During Vietnam protests, Warfield showed compassion

October 07, 1999|By Michael Olesker

THIS ONE'S for Edwin Warfield III, a major general in full military uniform who gazed across a sea of anti-war demonstrators three decades ago and understood with a father's instinct what he beheld: children frightened and enraged by an endless war, trying to stop it in ways both noble and naive.

Memories of Warfield's composure in that time, and his strength and heartfelt humanity, came rushing back the other day with the news that he'd died of congestive heart failure at age 75, after a lifetime in the military, and in journalism and politics, and some anxious moments when the war in Vietnam might have taken lives in Maryland.

For three springtimes in the early 1970s, when he headed the Maryland National Guard, Warfield was ordered to take his troops to the University of Maryland in College Park and keep the peace.

It was happening on college campuses across America: student demonstrators, many of them draft-vulnerable, many who weren't but were furious with the nation's war involvement, going face-to-face with National Guardsmen equipped with rifles and tear gas.

At Kent State University, they killed four kids in the midst of one confrontation, and then more kids were killed at Jackson State.

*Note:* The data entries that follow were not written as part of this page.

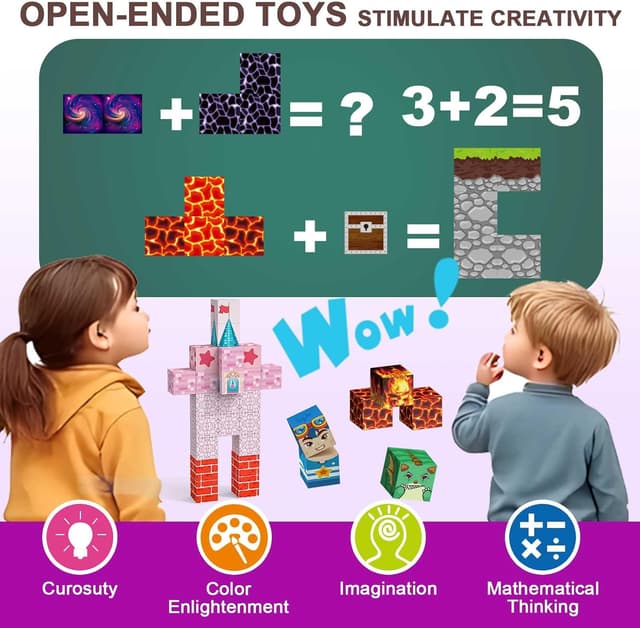 Detalle 1 de Crifeton Bloques Magnéticos de Construcción para Niños 🧱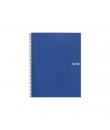 Miquel Rius Notebook6 Cuaderno de Espiral Formato A5 - 150 Hojas de 70gr Microperforadas con 2 Taladros - Cubiertas de Polipropi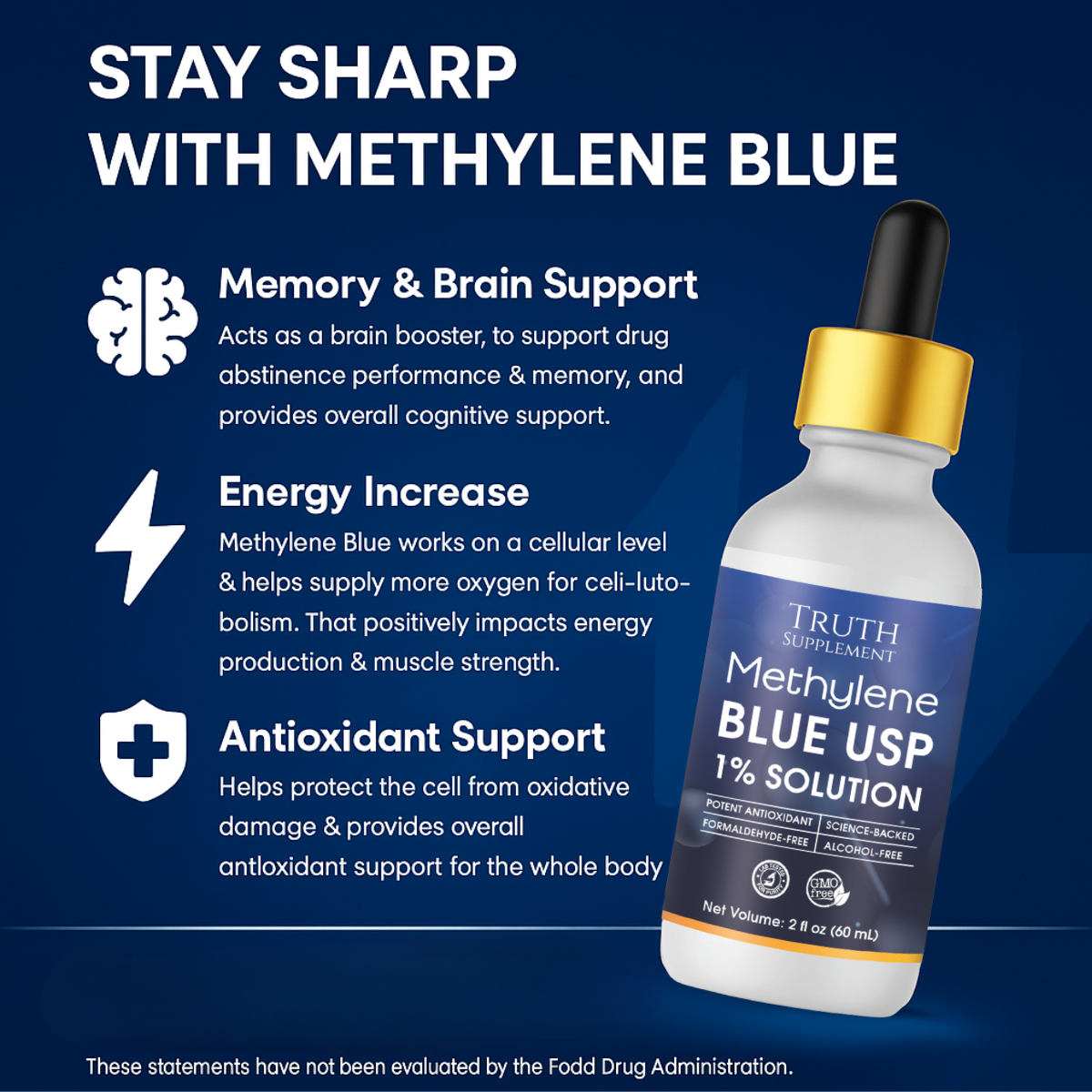 Methylene Blue 1% - Liquid Drops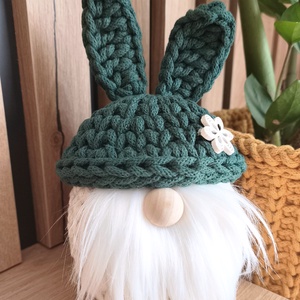 Tavaszi nyuszimanó - otthon & életmód - dekoráció - asztal és polc dekoráció - asztaldísz - Meska.hu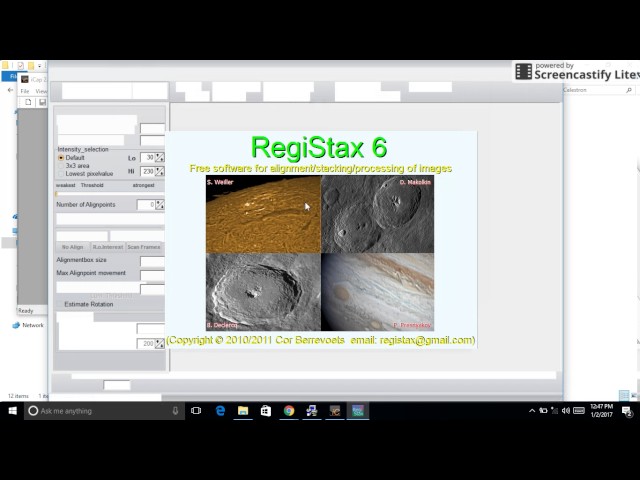 Celestron Neximage 10 Windows PC Installation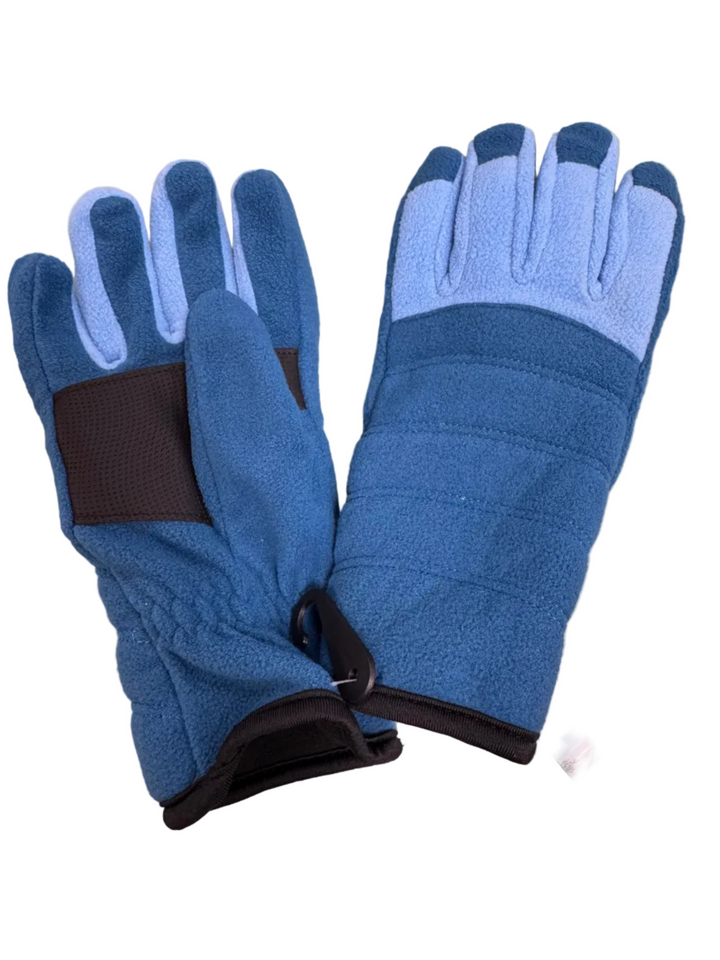 Grand Sierra Girls Microfleece 2-Tone Gloves Size 7-16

Those in the White House were calling such demonstrators "bums." It sounded like a tacit declaration of permission to those ordered to keep things quiet: Do whatever you have to do.

At the University of Maryland, 2,500 students held candles and marched silently across campus one night. They were peaceful, but a 9 o'clock curfew had been declared, and it was Warfield who had to tell everybody to go home or face arrest.

The moment was ripe for something dreadful to happen. I was covering the story for The News American and found myself a few feet from Warfield as he waded into the big crowd sitting on the grassy mall near the school's main administration building.

Behind him, National Guardsmen moved in wearing riot gear. They carried clubs and wore gas masks. And then came a moment that transcended all show of weapons and all endless political debate about American war policy. It was the voice of a boy sitting on the grass with a candle in his hand.

"Leave us alone," he hollered. "Go away. Please don't hurt us."

The words made you want to cry. They reminded you: These were children, and they were vulnerable to getting their heads busted by their countrymen for sitting on a college campus after dark and declaring themselves against war.

Warfield, in that moment, had to find the right response -- one that showed his authority, one that confirmed the state's right to establish its curfew, but one that didn't make a tense moment worse.

And now it became even more emotional, for the crowd began to sing softly, like something out of a movie scene, the anthem of that time:

All we are saying

Is give peace a chance.

To which Warfield, standing there in his general's uniform, standing as the immovable father figure to kids rejecting all generational authority, declared:

"We are asking you to disperse. We happen to believe in peace as much as you do."

"Then join us," somebody in the crowd hollered back. And more voices followed, until it became a chant: "Join us. Join us."

Warfield was visibly moved. I couldn't swear to it, but I thought I saw his eyes well up. This was a terrible time in the nation's history, when people chose up sides over Vietnam, and some desecrated the flag and others had it draped over their coffins.

And Warfield, a veteran of World War II, a man whose plane was struck over Japan but kept it in the air for nearly an hour and then bailed out over the Pacific, who kept himself alive for four days until rescued, a man who knew war in ways that few of these kids ever would -- said to them:

"We are your brothers."

The air itself seemed stunned for a moment: We are your brothers, all these armed National Guardsmen who were barely out of school themselves, who were just as confused by the endless war, and just as scared of it, too.

"We are your brothers," Warfield said again.

The tension eased a little. The demonstrators didn't move, but Warfield had sent a signal, not only to the students, but to his troops: Let's be as civilized as we can.

In a few minutes, some of the crowd dispersed. For those who didn't, Warfield ordered arrests, because the law had to be upheld. But I heard him tell arresting officers, "Without roughing 'em up."

In his life, Edwin Warfield survived that plane wreck in the Pacific. He served a couple of terms in the Maryland General Assembly and helped run the Daily Record newspaper. He lived a full 75 years.

But those parents of a certain generation, whose children went to the University of Maryland at College Park and found themselves distraught over the war in Vietnam -- they should remember Warfield today with tenderness.

He was a soldier who looked at thousands of angry and frightened and confrontational young people and refused to see an enemy. He saw their children.